About nine months ago I was sitting in a conference room on the outskirts of Paris, watching more than two hundred countries vote to approve an international agreement to tackle climate change.
I had spent the past two weeks as an observer at the talks, advocating for the protection of land and food rights, particularly for local farmers in developing countries. Exhausted, I mostly remember that I was really hungry. Paris of course has many amazing restaurants, but I had been working long hours since arriving more than two weeks before, and was mostly living on a diet of ham and cheese sandwiches, croissants, and crepes. It could have been worse, but I wanted a real meal and then to sleep for about a week!

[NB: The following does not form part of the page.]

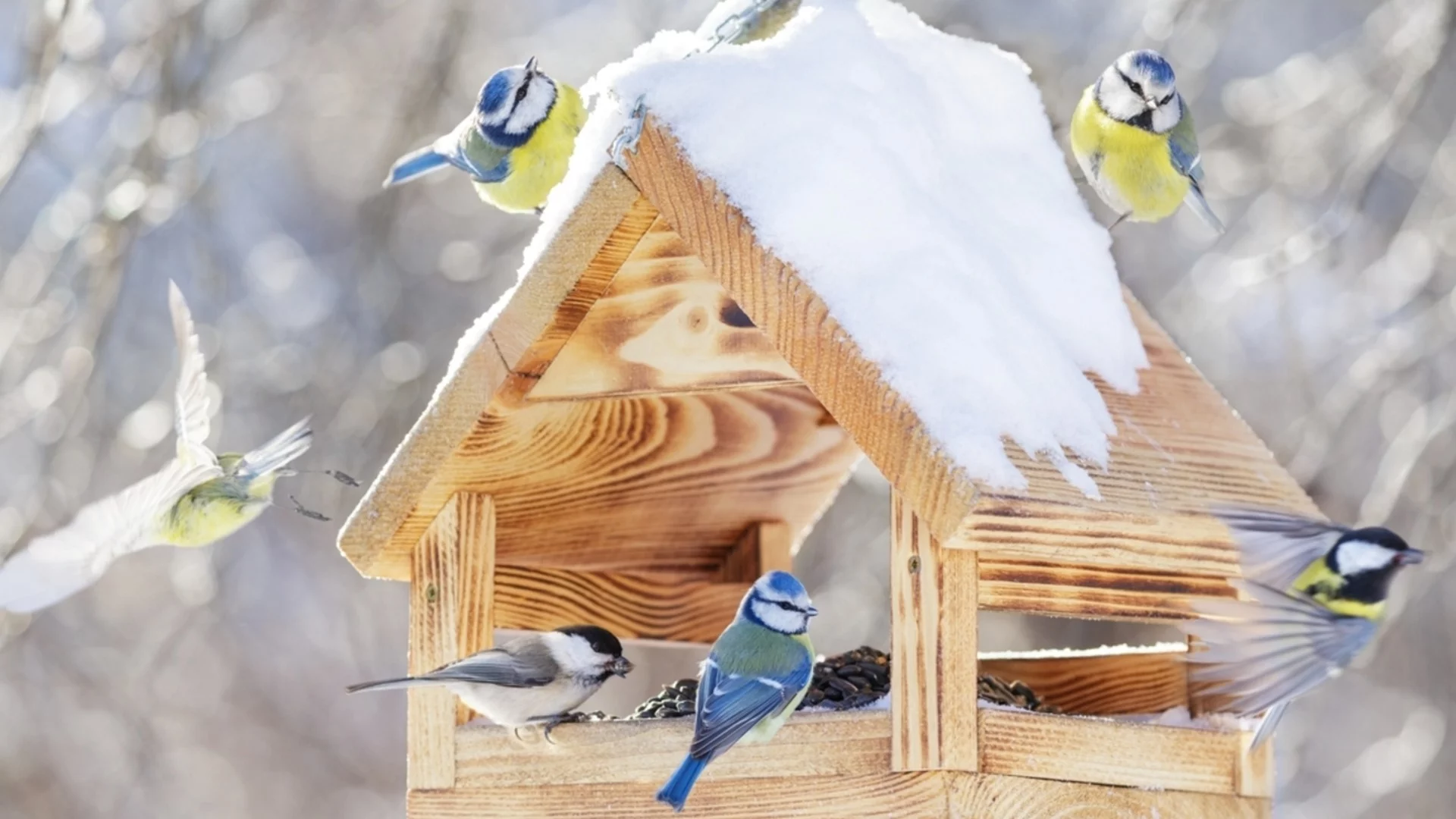 Малко сняг и после пролет. Седмична прогноза за времето от 9 до 15 февруари 2026 г.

Although countries reached agreement nearly one year ago, the agreement doesn’t actually enter into force unless enough countries complete their own approval process. Earlier this month, both the U.S. and China approved the agreement, and as other countries follow, it’s likely that it will enter into force before the end of the year, once 55 countries, representing 55 per cent of global emissions, sign on. But once the agreement is approved, what happens next?
Optimists will tell you that the agreement is a turning point in the fight against climate change. From the U.S. and Germany to China and Senegal, countries came together and agreed that climate change was a threat and that action needs to be taken. That the details are imperfect is to be expected. And considering most of our own Congress is still denying the science behind climate change, the UN process adds some much-needed sanity!
This is partially true – the agreement is a major diplomatic achievement. There are some parts of the Paris Agreement that I agree with and fought for – including the very fact that it exists at all. The importance of limiting warming to 1.5 degrees Celsius, the inclusion of human rights, and the importance of helping communities adapt to hotter temperatures, shifting rainfall patterns and extreme weather.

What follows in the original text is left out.